Problem: With pictures omitted, output the records below exactly as they appear.

======== Records to process ========

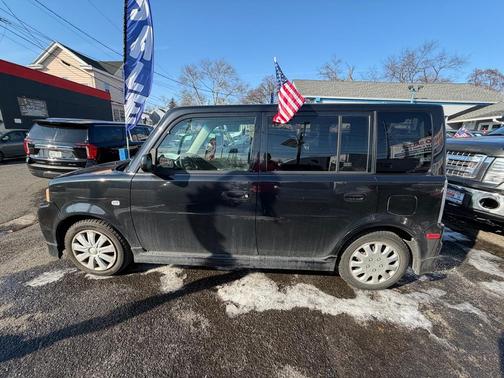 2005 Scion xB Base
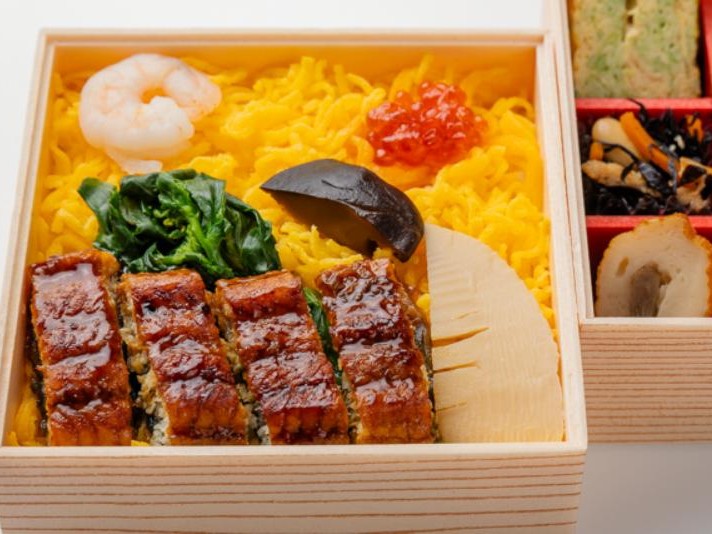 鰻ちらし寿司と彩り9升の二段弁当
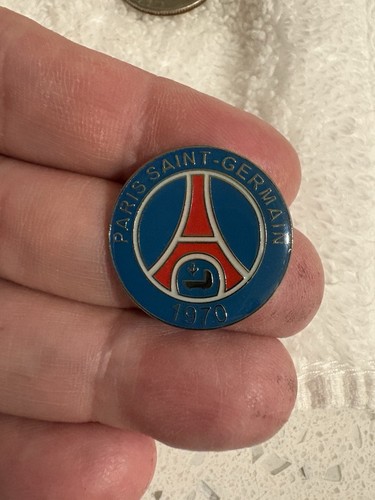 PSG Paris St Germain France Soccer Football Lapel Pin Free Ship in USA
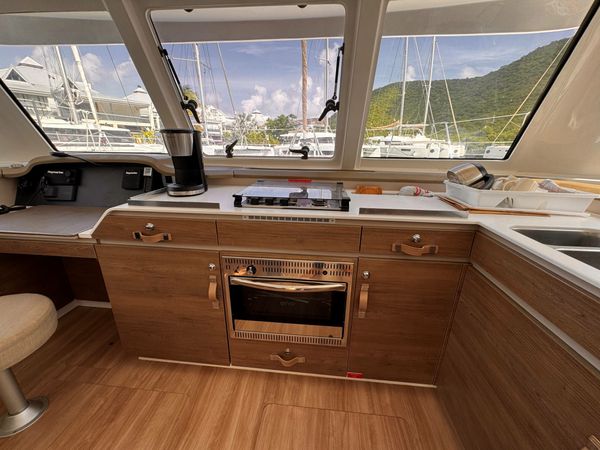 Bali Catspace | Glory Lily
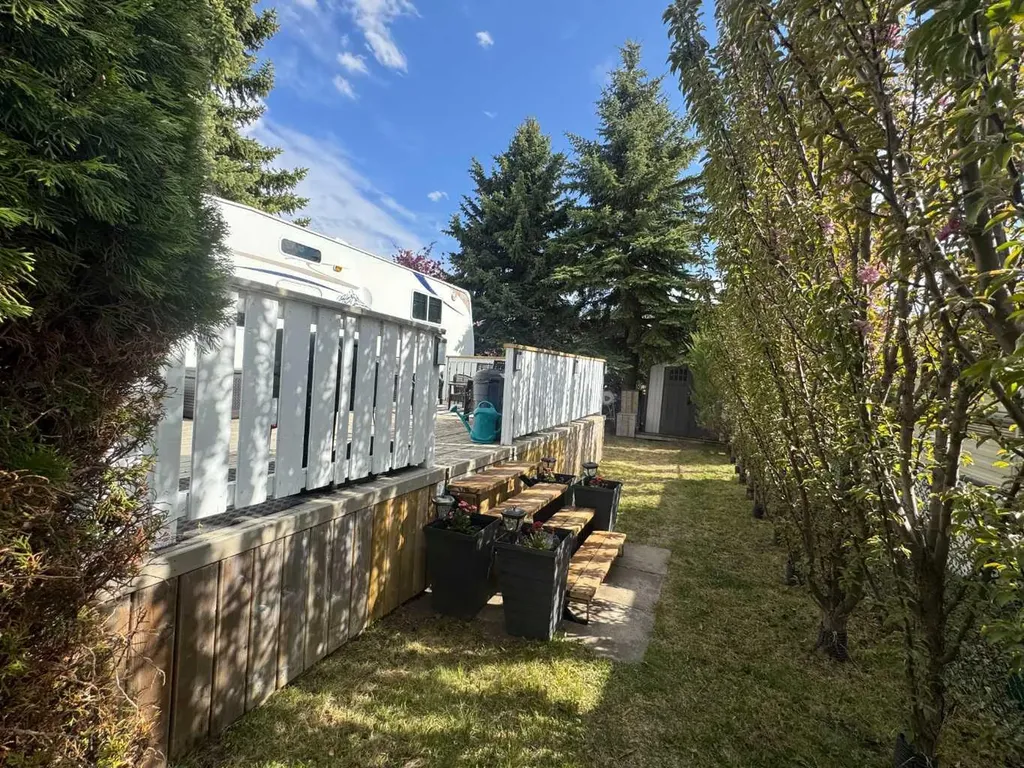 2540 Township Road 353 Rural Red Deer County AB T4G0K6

========

Exercise answer:
 2005 Scion xB Base
 鰻ちらし寿司と彩り9升の二段弁当
 PSG Paris St Germain France Soccer Football Lapel Pin Free Ship in USA
 Bali Catspace | Glory Lily
 2540 Township Road 353 Rural Red Deer County AB T4G0K6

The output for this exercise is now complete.